Short text fragments from websites:
==============================

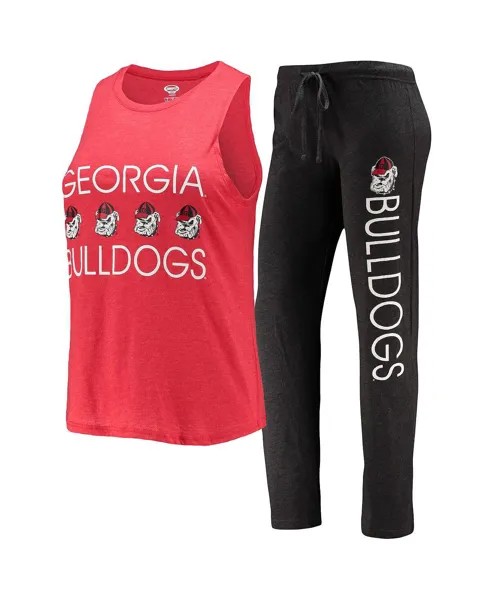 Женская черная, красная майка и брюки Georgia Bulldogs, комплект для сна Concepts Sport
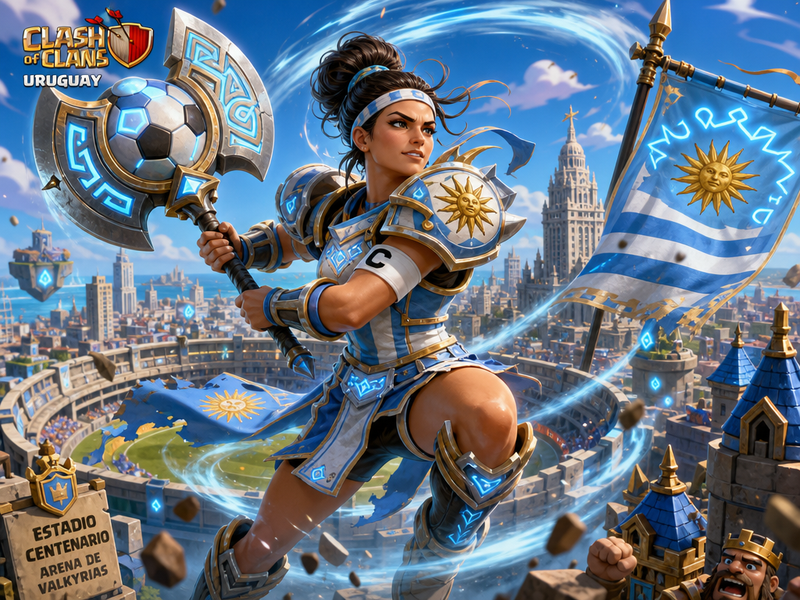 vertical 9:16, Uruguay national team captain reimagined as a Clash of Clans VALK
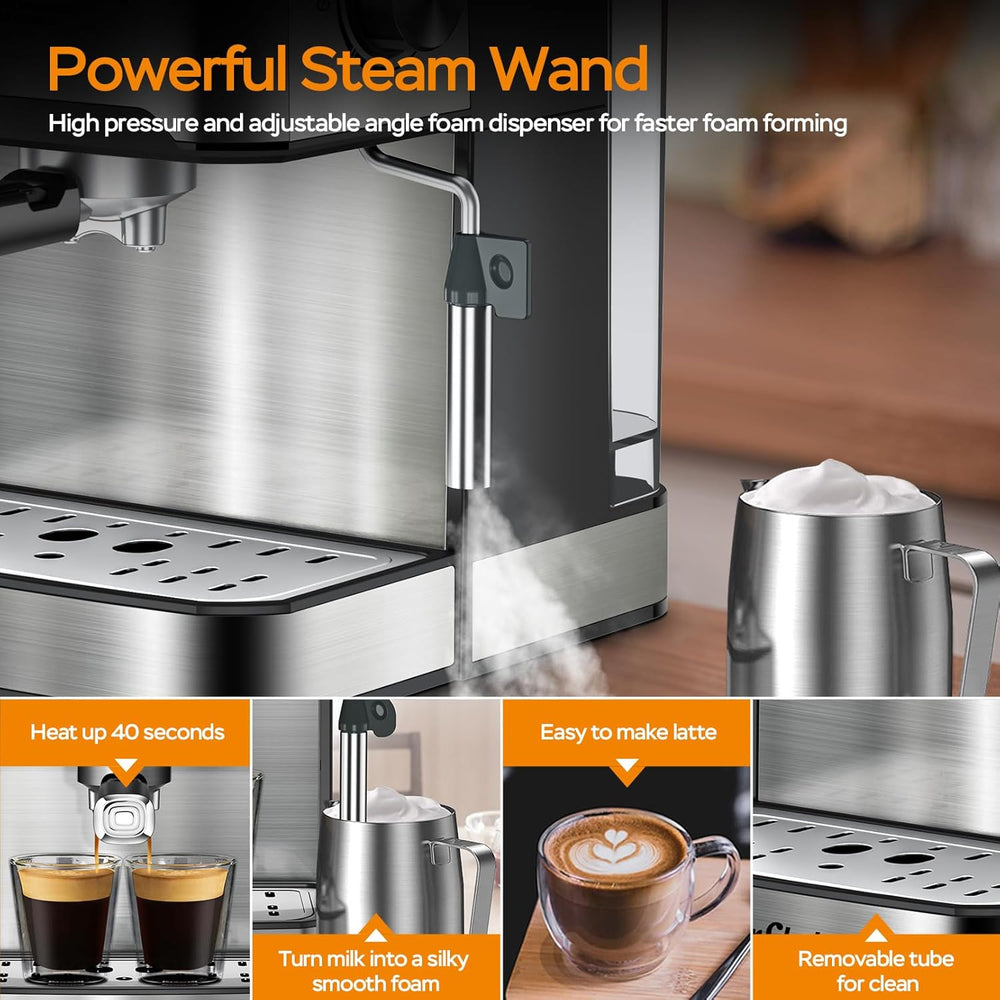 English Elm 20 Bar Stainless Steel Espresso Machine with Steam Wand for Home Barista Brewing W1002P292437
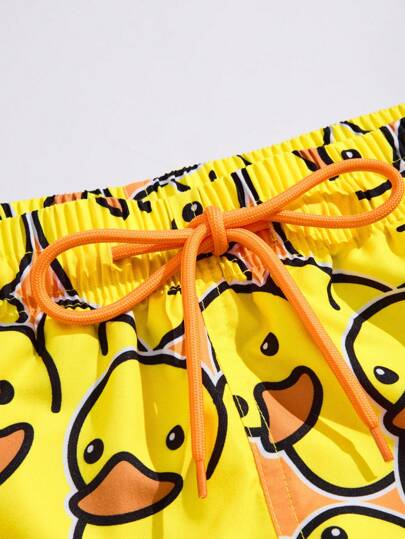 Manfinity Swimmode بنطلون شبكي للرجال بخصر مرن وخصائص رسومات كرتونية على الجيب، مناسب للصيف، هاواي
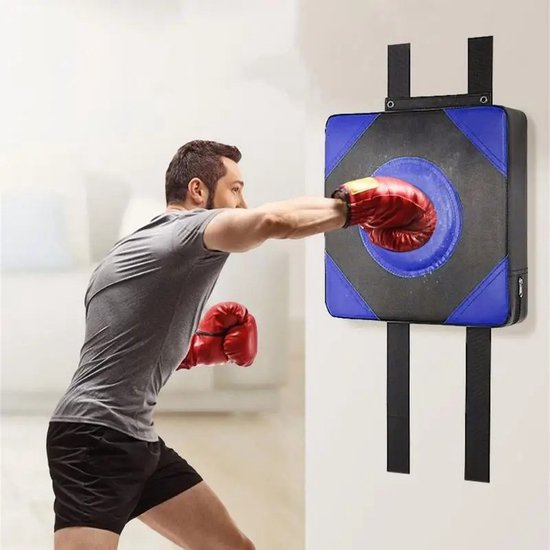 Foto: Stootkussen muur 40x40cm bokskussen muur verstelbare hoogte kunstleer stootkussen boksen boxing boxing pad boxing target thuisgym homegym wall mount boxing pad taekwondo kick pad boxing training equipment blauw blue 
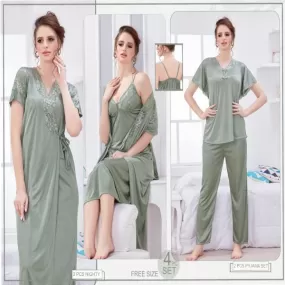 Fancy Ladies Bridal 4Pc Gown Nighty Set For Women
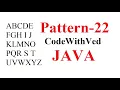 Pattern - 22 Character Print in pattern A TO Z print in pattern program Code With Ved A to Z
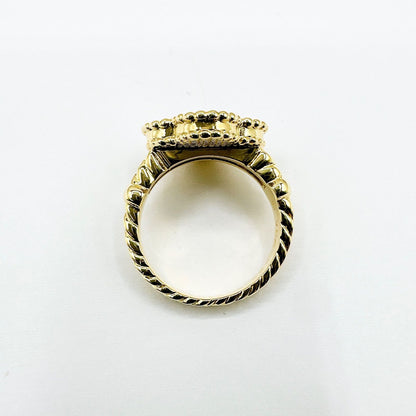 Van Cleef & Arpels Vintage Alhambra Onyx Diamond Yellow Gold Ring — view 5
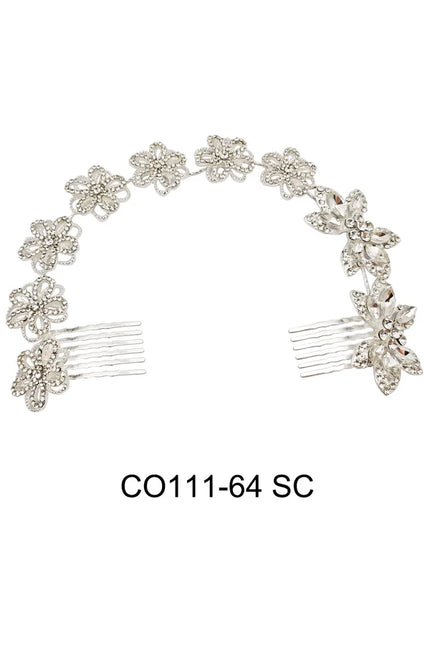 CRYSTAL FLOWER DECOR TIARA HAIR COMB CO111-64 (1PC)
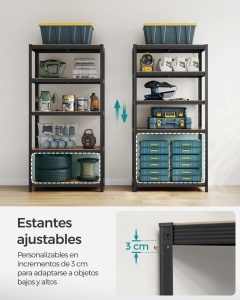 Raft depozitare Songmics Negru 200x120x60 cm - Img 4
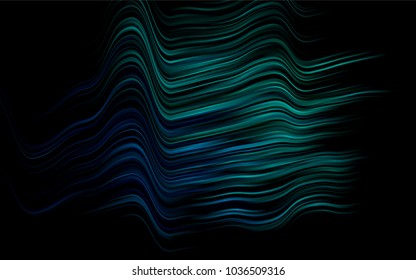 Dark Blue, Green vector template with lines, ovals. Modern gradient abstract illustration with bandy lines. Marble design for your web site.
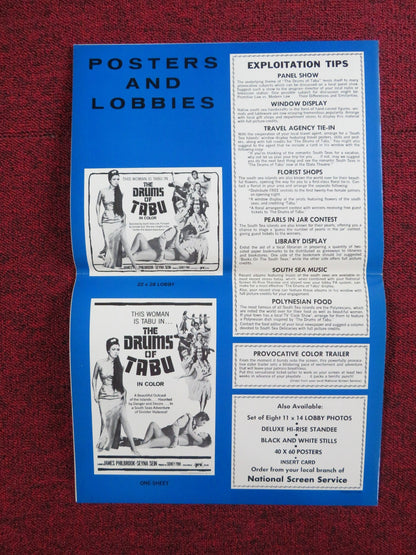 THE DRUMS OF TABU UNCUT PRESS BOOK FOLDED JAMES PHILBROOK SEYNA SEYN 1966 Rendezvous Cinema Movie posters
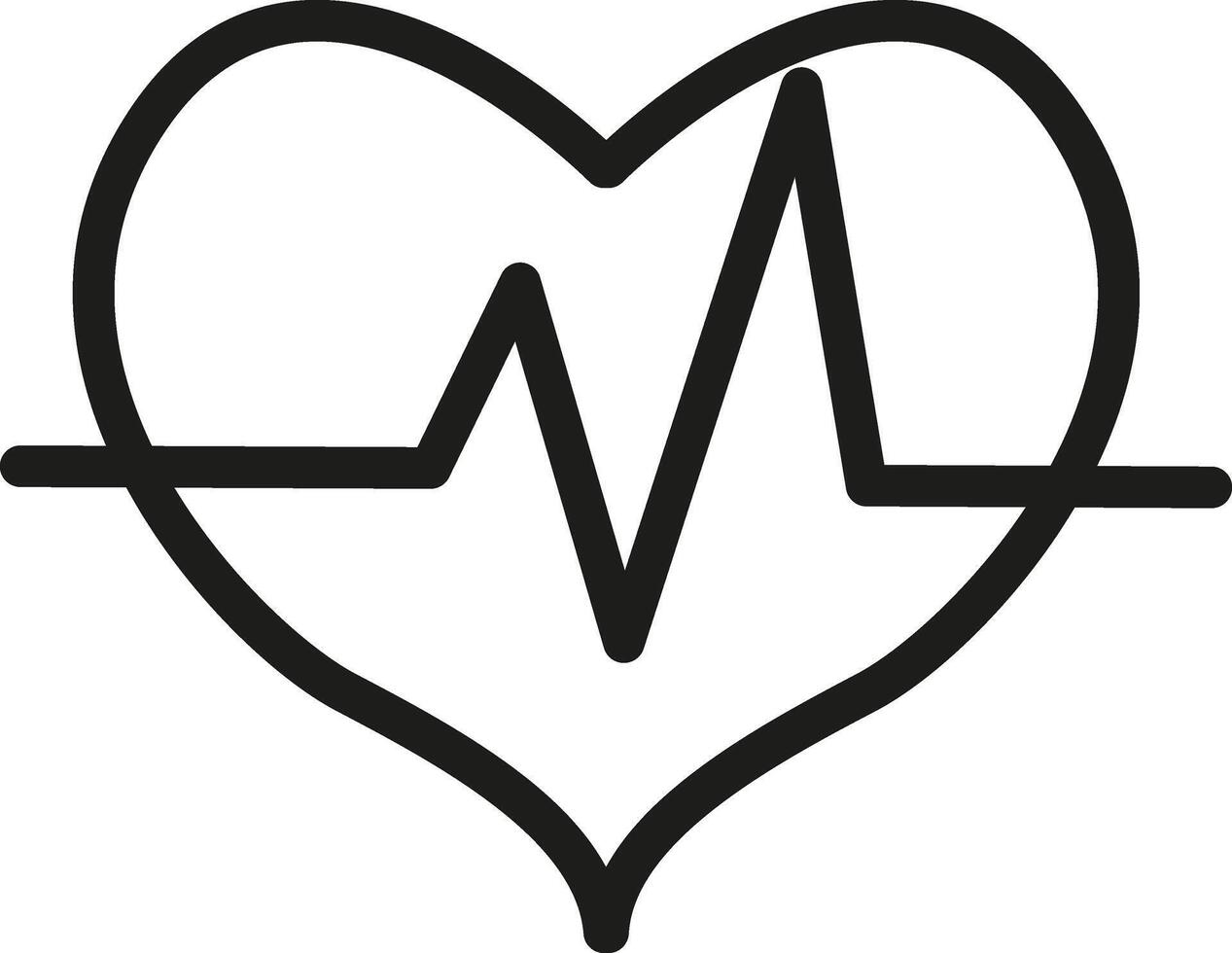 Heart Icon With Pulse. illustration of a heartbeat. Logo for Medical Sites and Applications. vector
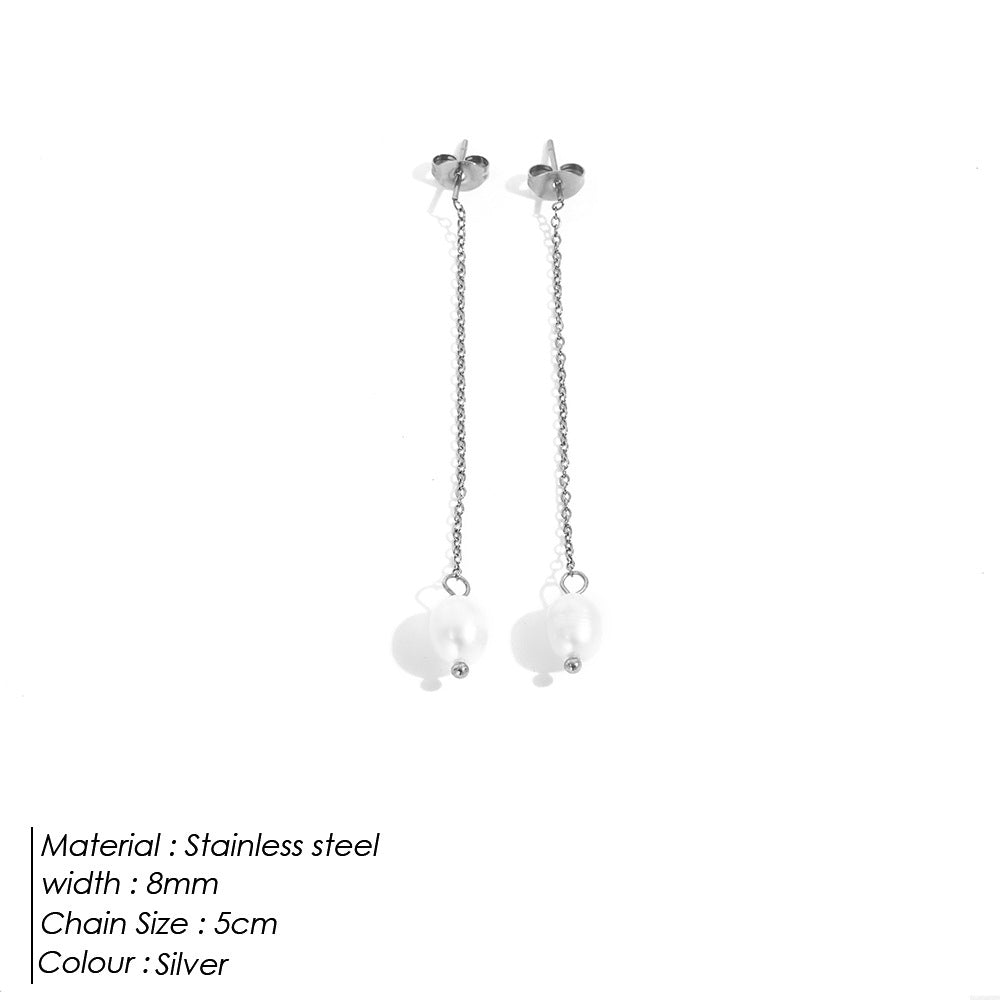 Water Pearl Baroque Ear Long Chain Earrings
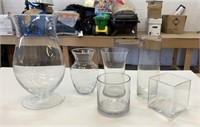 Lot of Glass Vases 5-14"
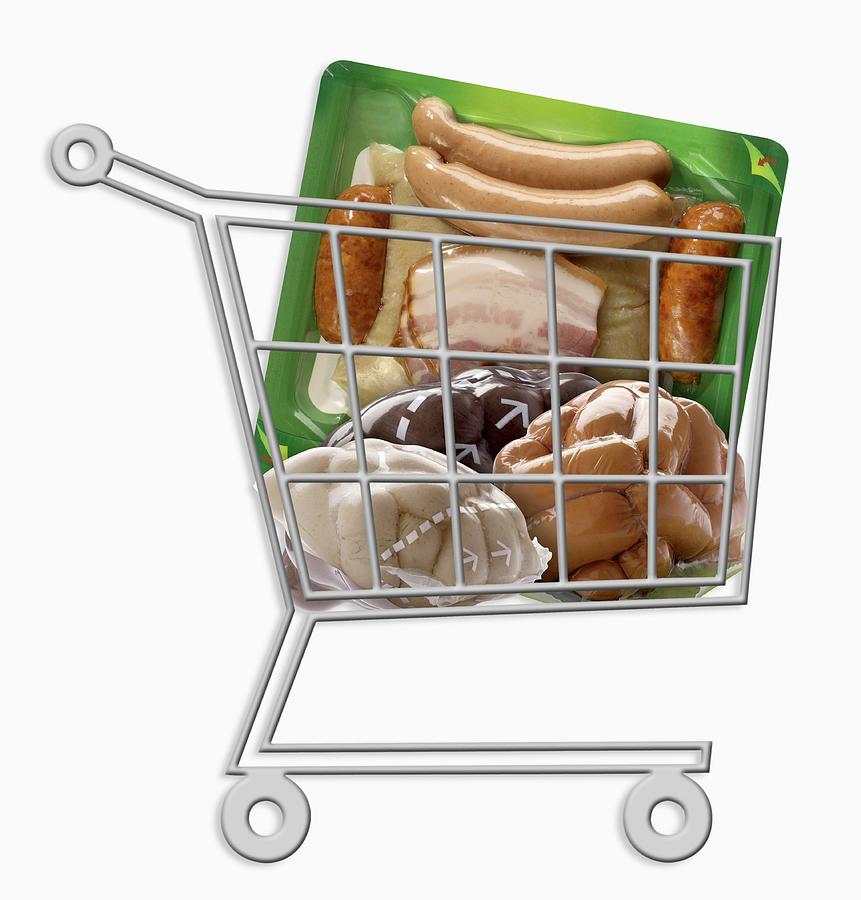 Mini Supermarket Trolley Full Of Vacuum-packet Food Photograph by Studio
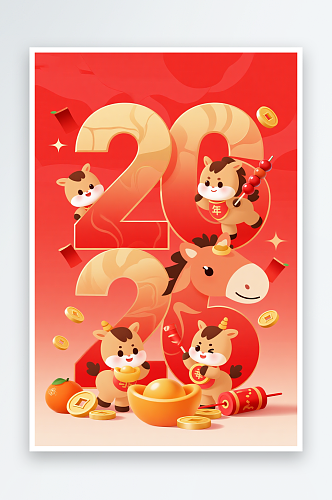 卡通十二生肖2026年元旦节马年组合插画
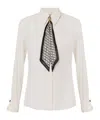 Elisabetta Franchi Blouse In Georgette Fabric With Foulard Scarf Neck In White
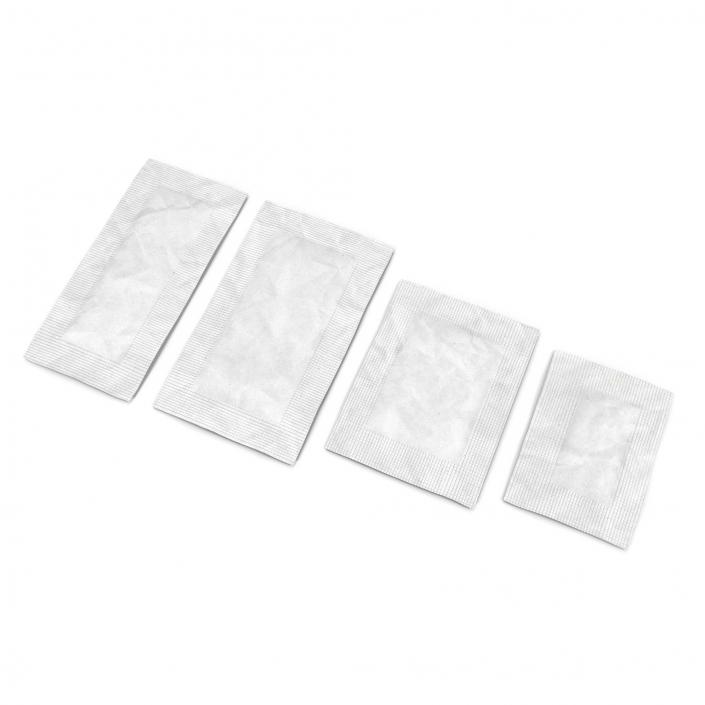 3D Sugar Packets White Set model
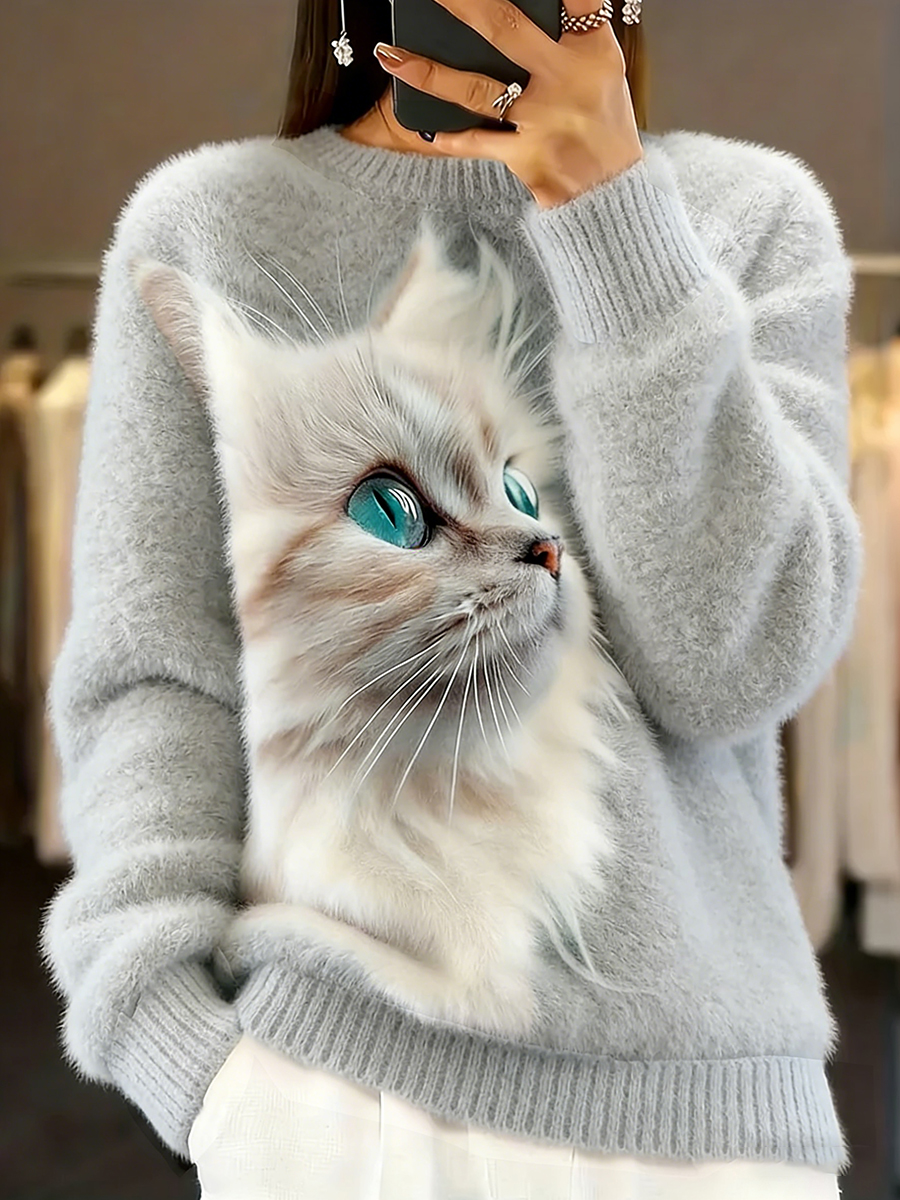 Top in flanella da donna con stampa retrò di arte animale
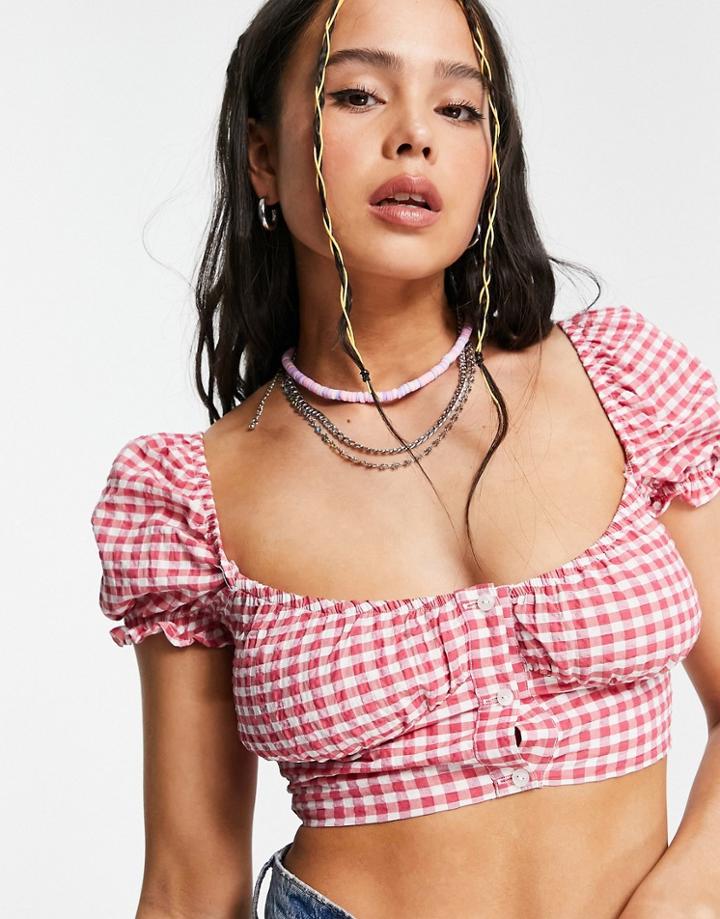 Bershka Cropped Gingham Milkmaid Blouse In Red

==============================

◆ **Task**
Repeat exactly the line containing "Raft depozitare Songmics" and every line after it through the end of the records, and nothing else. Leave the pictures out.

◆ **Solved exercise**
 Raft depozitare Songmics Negru 200x120x60 cm - Img 4
 Dark Blue, Green vector template with lines, ovals. Modern gradient abstract illustration with bandy lines. Marble design for your web site.
 THE DRUMS OF TABU UNCUT PRESS BOOK FOLDED JAMES PHILBROOK SEYNA SEYN 1966 Rendezvous Cinema Movie posters
 Heart Icon With Pulse. illustration of a heartbeat. Logo for Medical Sites and Applications. vector
 Water Pearl Baroque Ear Long Chain Earrings
 Lot of Glass Vases 5-14"
 Mini Supermarket Trolley Full Of Vacuum-packet Food Photograph by Studio
 卡通十二生肖2026年元旦节马年组合插画
 Elisabetta Franchi Blouse In Georgette Fabric With Foulard Scarf Neck In White
 3D Sugar Packets White Set model
 Top in flanella da donna con stampa retrò di arte animale
 Bershka Cropped Gingham Milkmaid Blouse In Red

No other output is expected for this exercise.